I am so glad that I have slowly gone blind. Less ambiguously, I am so glad that I have gone blind slowly. News of a complete stranger's sudden and traumatic blindness has made me ponder the differing ways we lose our sight.
Blindness comes about in different ways; some are born blind, some acquire blindness and some have blindness thrust upon 'em (with thanks to the bard for the apposite language).
I am in the acquiring blindness category, doing so extremely slowly over a span of 60 years. But I have known people who were born blind and also known people who have literally lost all their sight in a single traumatic episode. Although the destination is superficially the same, the actual journey to that unlit destination is very consequential.

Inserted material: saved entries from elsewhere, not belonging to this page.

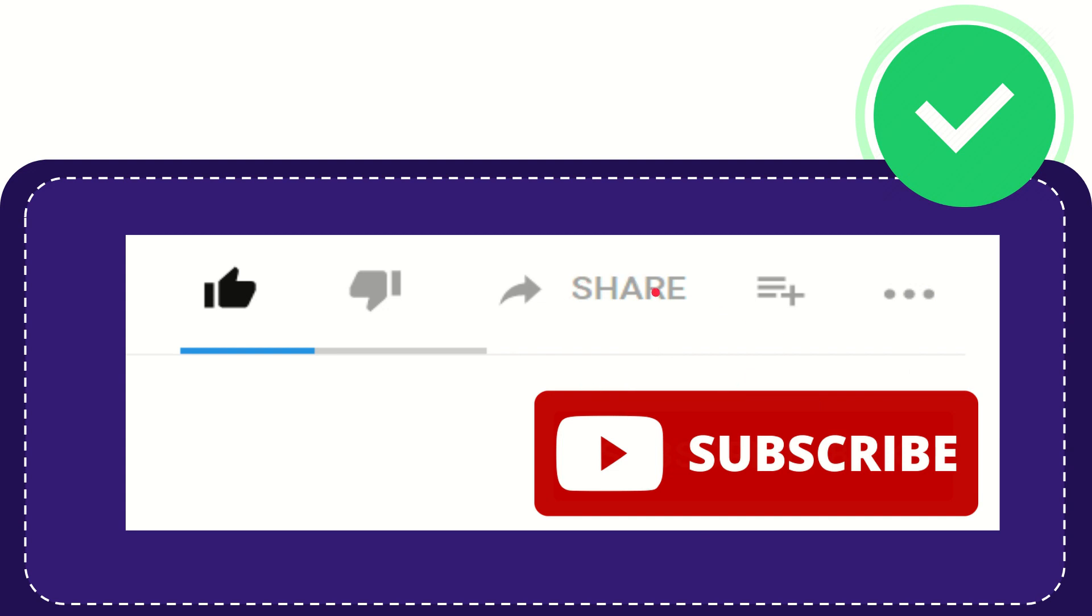I think that's all of it. Thank you so much for watching this video and see you again in another video. Bye bye, see you again.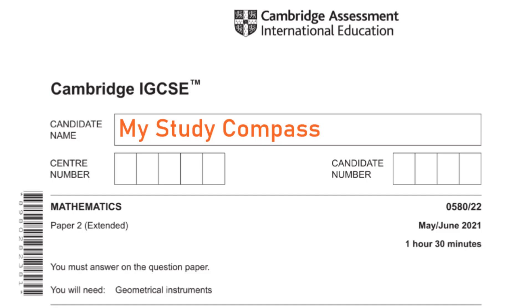Hi guys, welcome to my Study Compass. In this video I'll be walking you through the past paper Maths P2, variant 2, May/June 2021. Let's get started.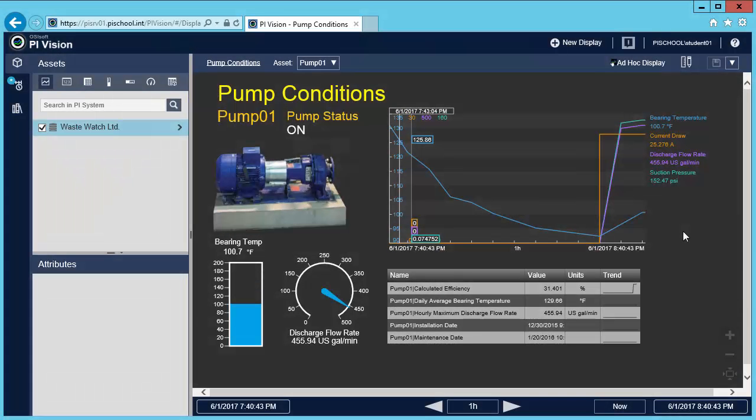In the previous video, we created a display for a single asset with detailed process information. In this video, I'll show you how to quickly create a dashboard for multiple assets.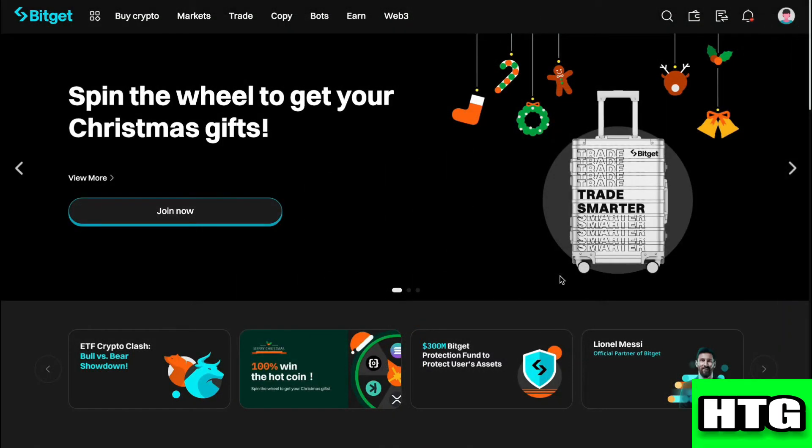The first thing that you want to do is open up the BitGet website on your laptop or PC. After that, sign in to your account and you will be redirected to this page.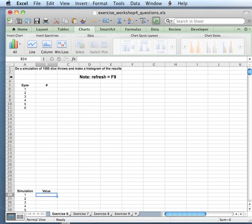In the next exercise we're going to do simulations. It's an introduction before the Monte Carlo. In this case it's going to be quite easy — calculating how often a certain dice will roll.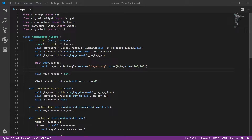We're going to be doing probably the most basic form of collision detection, which is called axis aligned bounding box collision detection. Basically what that means is that you're assuming that your objects are rectangles and those rectangles are not rotated.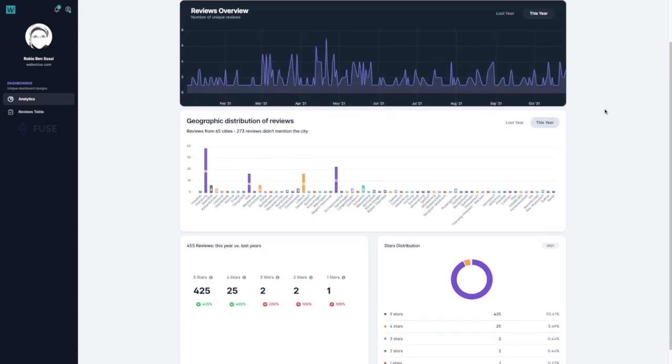I have put a link in the description of the video with an article with more details about the implementation of this application. You can check it and thanks for watching.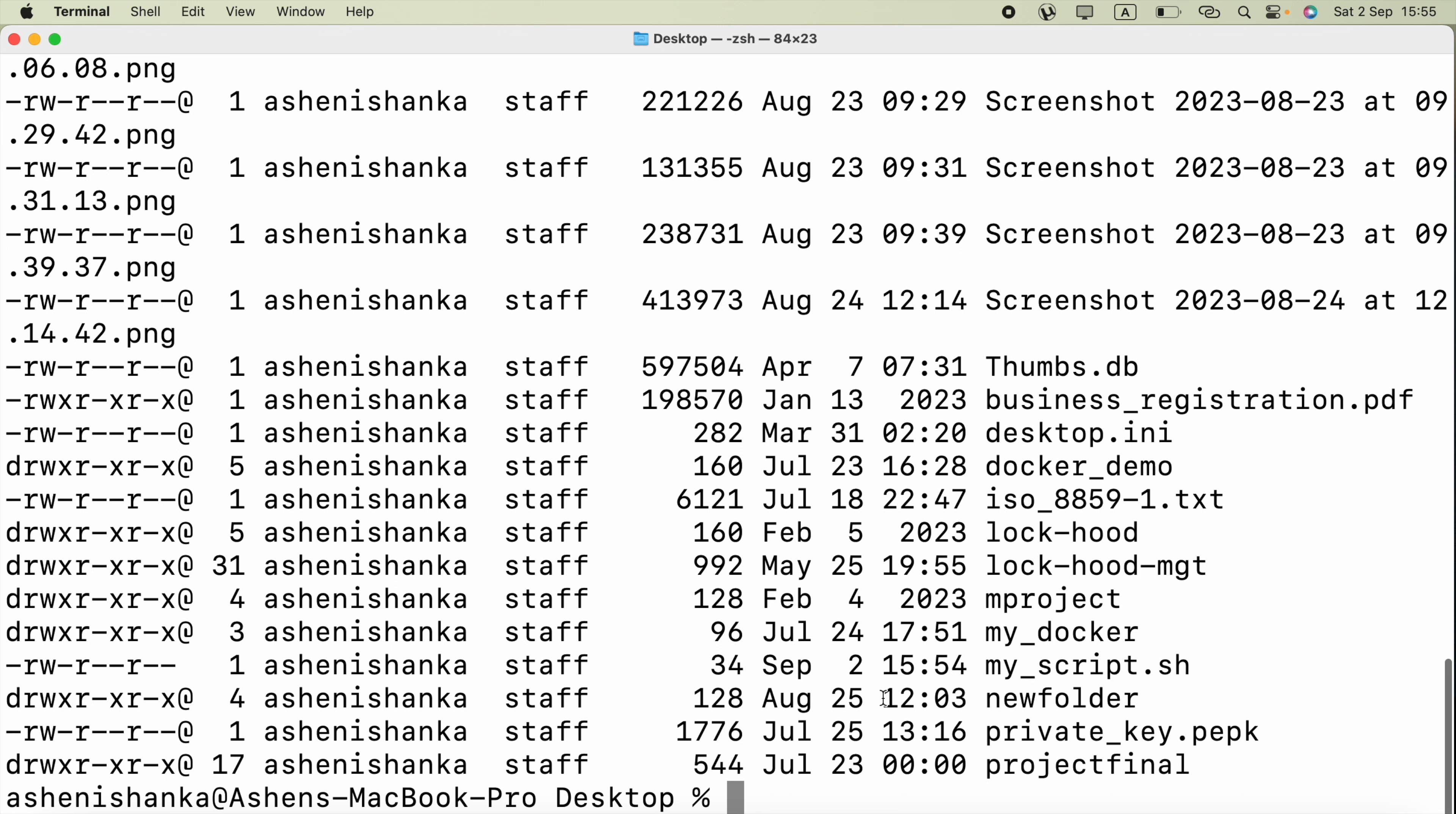Here we got our my_script.sh. This is the permission. Currently it has rw, read and write, and there are no executable permission.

In contrast to someone born blind, I do have an experiential understanding of colour, shading and visual composition. If I had been blind from birth, then my understanding of colour would necessarily be vicarious, and personally I cannot conceive that such a second hand understanding would give me the same deep and intrinsic internal representation.

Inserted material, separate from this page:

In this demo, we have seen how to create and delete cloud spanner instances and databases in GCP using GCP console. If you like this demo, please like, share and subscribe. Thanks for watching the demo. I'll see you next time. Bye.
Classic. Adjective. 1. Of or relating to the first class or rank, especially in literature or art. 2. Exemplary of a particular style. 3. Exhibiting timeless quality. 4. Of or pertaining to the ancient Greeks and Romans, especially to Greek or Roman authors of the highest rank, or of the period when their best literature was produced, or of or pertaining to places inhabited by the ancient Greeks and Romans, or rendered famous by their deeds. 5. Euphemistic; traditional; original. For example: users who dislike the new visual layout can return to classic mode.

I am as sure as I can be that my dreams are not monochromatic, and I'm fairly sure that at least some of the colours in my dreams approximate to the colours in the physical world. Oranges are orange, the sky is sky blue and fire engines are, well, fire engine red. One of my most abiding visual memories is the vertiginous vista from Striding Edge approaching the summit of Helvellyn. The exact topology may have become muddled as I've aged, but that image from 50 years ago remains one of the most breathtakingly beautiful and inspiring things I will take to my grave.
I am immensely grateful for the limited sight I once possessed – it has given me tremendous context, experiential depth and innumerable memories. So surely, if I'm going to be completely blind at 60, the least bad option must be to have perfect sight until that point. But having perfect sight for all my life, only to have it completely and instantly snatched away feels like a trauma almost too hard to bear. This is not a scientific conclusion, but amongst the blind people I do know, rapid deterioration of sight does correlate with feelings of helplessness in the face of unreasonable fate, often leading to depression or anger.
In contrast, I've spent 60 years as an apprentice and a journeyman in The Right Worshipful Company of Canesmiths and Dogwranglers. I've learned my trade through 10,000 hours (well, actually, 600,000 hours) of practice, starting with the easy stuff (not reading road signs, never making eye contact or not playing tennis), through the journeyman challenges of falling down steps and mistakenly visiting the wrong single sex facilities, all the way to today's master craftsman status as a determined, albeit sometimes inept, voyager in this intrinsically visual world.
To the vision impaired readers of this blog, I'm very conscious that your experiences and perspectives will be different and equally valid. This post only interrogates my own sense of good fortune.
And to all readers, sighted or not, there are many, many other reasons I feel content with my lot, but this post hopefully highlights just one nuance of vision impairment. Sight loss covers a broad spectrum from moderate to total. The context of the loss is extremely important. And there are often compounding factors that turn a manageable challenge into an enormous mountain.
With all this complexity, offering assistance may feel like a recipe for offending rather than helping. Of course, don't pre-judge what someone needs or where they're going, but if you do openly offer help it will almost always be welcomed or politely declined. For myself I'll gladly take your arm as a friend, bemoan the price of beer and the state of the roads, or exchange views on today's utterly unfathomable geopolitics. That'll usually idle away the journey to our destination, and give me yet another reason to be cheerful about the sheer abundance of individual human kindness.
Is there a takeaway from this rather introspective post? For me it's clear. I feel very fortunate that I lost my sight gradually, and I celebrate all the other upsides in my life. And for anyone with the time and means to read this post, it's worth remembering that however shitty things might feel, there are undoubtedly many others amongst the 8 billion inhabitants of this planet considerably worse off - fortune is always relative.